If you’ve been here for a while, you know I have a serious love for Nothing Bundt Cakes—and I’m not alone! My Copycat Nothing Bundt Red Velvet Cake is hands down the most popular recipe on my blog (maybe even the entire internet!). But today, I have something just as magical… Copycat Nothing Bundt Lemon Cake!

That’s right, I’ve done it again—this time with a bright, buttery, and tangy homemade lemony cake that tastes just like the bakery favorite. But instead of one big cake, I’ve made them into adorable mini Bundts that are extra soft, ultra-moist, and bursting with fresh lemon flavor.
Why I Love Copycat Nothing Bundt Lemon Cake
• My daughter Savannah and I have been Nothing Bundt Cake fans for YEARS. We’ve shared so many sweet memories over their Bundts, and this homemade version brings that same joy—just straight from my kitchen!
• I finally put my mini Bundt cake pan to use! It’s been sitting in my cabinet looking sad and neglected for way too long. This recipe gave it the spotlight it deserves!
• The smell while baking is unreal. There’s nothing like the sweet, citrusy aroma of lemon cake filling the kitchen—it’s warm, inviting, and completely irresistible.
• Lemon zesting and juicing is my favorite part. There’s something so satisfying about using fresh lemons—from zesting to juicing, it’s like an instant mood booster! And this cake has LOTS of lemons.
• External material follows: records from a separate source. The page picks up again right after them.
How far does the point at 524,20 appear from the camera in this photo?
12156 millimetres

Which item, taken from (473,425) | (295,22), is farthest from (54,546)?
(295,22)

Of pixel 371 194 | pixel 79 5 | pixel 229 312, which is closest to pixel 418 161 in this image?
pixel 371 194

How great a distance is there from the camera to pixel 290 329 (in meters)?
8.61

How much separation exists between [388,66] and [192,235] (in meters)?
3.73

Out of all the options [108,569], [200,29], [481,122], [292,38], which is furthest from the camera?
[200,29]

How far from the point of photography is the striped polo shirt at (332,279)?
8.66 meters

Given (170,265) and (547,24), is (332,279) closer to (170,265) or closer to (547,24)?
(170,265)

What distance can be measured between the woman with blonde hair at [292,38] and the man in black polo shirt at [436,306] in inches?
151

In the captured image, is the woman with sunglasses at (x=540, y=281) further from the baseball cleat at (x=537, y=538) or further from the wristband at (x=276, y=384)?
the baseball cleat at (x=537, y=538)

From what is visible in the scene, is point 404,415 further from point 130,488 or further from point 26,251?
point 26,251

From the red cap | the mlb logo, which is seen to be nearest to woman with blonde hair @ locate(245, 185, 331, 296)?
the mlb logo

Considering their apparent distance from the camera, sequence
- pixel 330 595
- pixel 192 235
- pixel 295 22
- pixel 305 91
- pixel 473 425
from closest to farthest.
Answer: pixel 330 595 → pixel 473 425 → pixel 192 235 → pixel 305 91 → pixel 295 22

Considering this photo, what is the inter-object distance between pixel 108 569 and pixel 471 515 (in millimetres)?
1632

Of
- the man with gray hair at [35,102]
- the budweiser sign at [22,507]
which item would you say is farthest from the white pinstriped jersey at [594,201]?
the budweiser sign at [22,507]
• There’s just something special about baking from scratch. It gives you a feeling of accomplishment—it’s therapeutic, rewarding, and oh-so worth it when you take that first delicious bite of lemon cream cheese Bundt cake!
What You Need
Ingredient Notes
• Fresh Lemon Zest & Fresh Lemon Juice – You’ll need about 3 large lemons for the zest and juice.
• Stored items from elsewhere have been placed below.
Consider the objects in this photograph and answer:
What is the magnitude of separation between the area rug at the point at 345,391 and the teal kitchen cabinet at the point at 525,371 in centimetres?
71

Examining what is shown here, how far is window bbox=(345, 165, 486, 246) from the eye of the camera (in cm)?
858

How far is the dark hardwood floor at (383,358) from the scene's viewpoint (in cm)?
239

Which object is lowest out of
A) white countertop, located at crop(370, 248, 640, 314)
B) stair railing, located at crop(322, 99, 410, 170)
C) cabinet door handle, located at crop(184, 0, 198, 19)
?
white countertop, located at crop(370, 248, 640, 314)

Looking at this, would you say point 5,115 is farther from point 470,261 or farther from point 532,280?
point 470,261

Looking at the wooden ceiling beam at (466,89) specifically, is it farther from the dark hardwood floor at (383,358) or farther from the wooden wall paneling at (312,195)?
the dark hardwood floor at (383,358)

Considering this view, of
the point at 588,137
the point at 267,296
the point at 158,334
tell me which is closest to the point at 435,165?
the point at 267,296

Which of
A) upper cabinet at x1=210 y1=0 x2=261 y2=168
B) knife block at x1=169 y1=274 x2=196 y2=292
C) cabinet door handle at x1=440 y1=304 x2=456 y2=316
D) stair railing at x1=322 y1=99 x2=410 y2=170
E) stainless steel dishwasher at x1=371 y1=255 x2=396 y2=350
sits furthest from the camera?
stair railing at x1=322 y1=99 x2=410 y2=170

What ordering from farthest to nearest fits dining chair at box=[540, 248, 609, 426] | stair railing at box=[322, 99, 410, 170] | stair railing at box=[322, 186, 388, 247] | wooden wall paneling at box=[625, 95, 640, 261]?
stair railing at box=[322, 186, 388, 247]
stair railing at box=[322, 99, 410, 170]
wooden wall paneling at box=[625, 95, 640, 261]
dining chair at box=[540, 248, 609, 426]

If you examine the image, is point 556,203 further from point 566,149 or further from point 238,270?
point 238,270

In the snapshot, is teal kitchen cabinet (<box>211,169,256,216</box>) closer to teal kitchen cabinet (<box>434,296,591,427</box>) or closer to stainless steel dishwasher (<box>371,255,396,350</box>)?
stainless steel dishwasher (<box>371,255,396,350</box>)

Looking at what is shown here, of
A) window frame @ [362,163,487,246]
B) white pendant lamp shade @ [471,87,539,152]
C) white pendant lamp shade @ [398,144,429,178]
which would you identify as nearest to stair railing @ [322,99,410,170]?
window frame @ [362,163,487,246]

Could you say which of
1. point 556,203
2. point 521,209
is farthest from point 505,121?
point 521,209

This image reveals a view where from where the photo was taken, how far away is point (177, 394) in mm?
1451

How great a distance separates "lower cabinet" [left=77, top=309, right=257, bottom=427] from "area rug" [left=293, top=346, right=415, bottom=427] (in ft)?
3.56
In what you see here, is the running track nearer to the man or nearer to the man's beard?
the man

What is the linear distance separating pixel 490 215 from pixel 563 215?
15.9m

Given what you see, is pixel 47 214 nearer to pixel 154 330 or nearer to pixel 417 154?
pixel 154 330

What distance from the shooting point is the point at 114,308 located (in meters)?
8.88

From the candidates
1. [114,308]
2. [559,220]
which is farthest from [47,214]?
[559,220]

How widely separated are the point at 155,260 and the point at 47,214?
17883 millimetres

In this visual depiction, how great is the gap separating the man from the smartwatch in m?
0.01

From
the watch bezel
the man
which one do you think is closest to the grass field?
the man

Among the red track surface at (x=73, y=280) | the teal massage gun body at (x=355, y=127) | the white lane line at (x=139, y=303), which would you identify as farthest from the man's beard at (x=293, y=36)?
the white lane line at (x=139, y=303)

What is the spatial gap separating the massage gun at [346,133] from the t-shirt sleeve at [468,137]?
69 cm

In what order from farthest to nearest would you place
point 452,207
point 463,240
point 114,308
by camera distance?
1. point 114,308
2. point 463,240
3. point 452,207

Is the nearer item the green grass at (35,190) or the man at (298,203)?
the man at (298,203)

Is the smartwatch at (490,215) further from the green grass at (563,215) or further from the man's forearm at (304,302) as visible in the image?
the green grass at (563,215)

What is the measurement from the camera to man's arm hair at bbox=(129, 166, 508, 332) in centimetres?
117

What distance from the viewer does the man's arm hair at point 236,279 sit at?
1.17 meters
• Butter & Olive Oil – This combo keeps the cakes moist, rich, and flavorful without being greasy.
• Honey - Local honey is always the best, if you can get it.
• Buttermilk – Adds a slight tang and creates an ultra-tender crumb. No buttermilk? Mix 1 cup milk + 1 tablespoon lemon juice and let it sit for 5 minutes.
• All-Purpose Flour – Weigh it out (390g) for accuracy or use the spoon-and-level method.
• Cream Cheese Frosting– The mix of cream cheese, butter, lemon juice, and powdered sugar makes a nice and fluffy frosting that’s irresistible!
How to Make Copycat Nothing Bundt Lemon Cake
1. Preheat your oven to 350°F. Generously butter eight 4-inch mini Bundt pans to prevent sticking.
2. n a large bowl, rub the sugar and lemon zest together to release the natural oils (this makes the cakes extra fragrant!). Cream the room temperature butter and sugar mixture. Add the eggs. Whisk together dry ingredients. Mix buttermilk, oil, honey and lemon juice in a separate cup. Alternate adding the dry and wet ingredients, mixing until just combined.
3. Divide the batter evenly between the prepared Bundt pans. Bake for 25-30 minutes, or until a toothpick inserted in the center comes out clean.
4. While the cakes bake, heat sugar, lemon juice, and water until the sugar dissolves. As soon as the cakes come out of the oven, pour half of the syrup over them. Let the cakes cool for 10 minutes, then invert them onto a wire rack. Brush the tops with the remaining lemon syrup.
5. For the lemon cream cheese frosting, beat cream cheese and butter until smooth. Mix in powdered sugar, lemon zest, and lemon juice until combined. Place in a piping bag with a large round tip and pipe frosting onto cakes and top with a fresh lemon slice if desired!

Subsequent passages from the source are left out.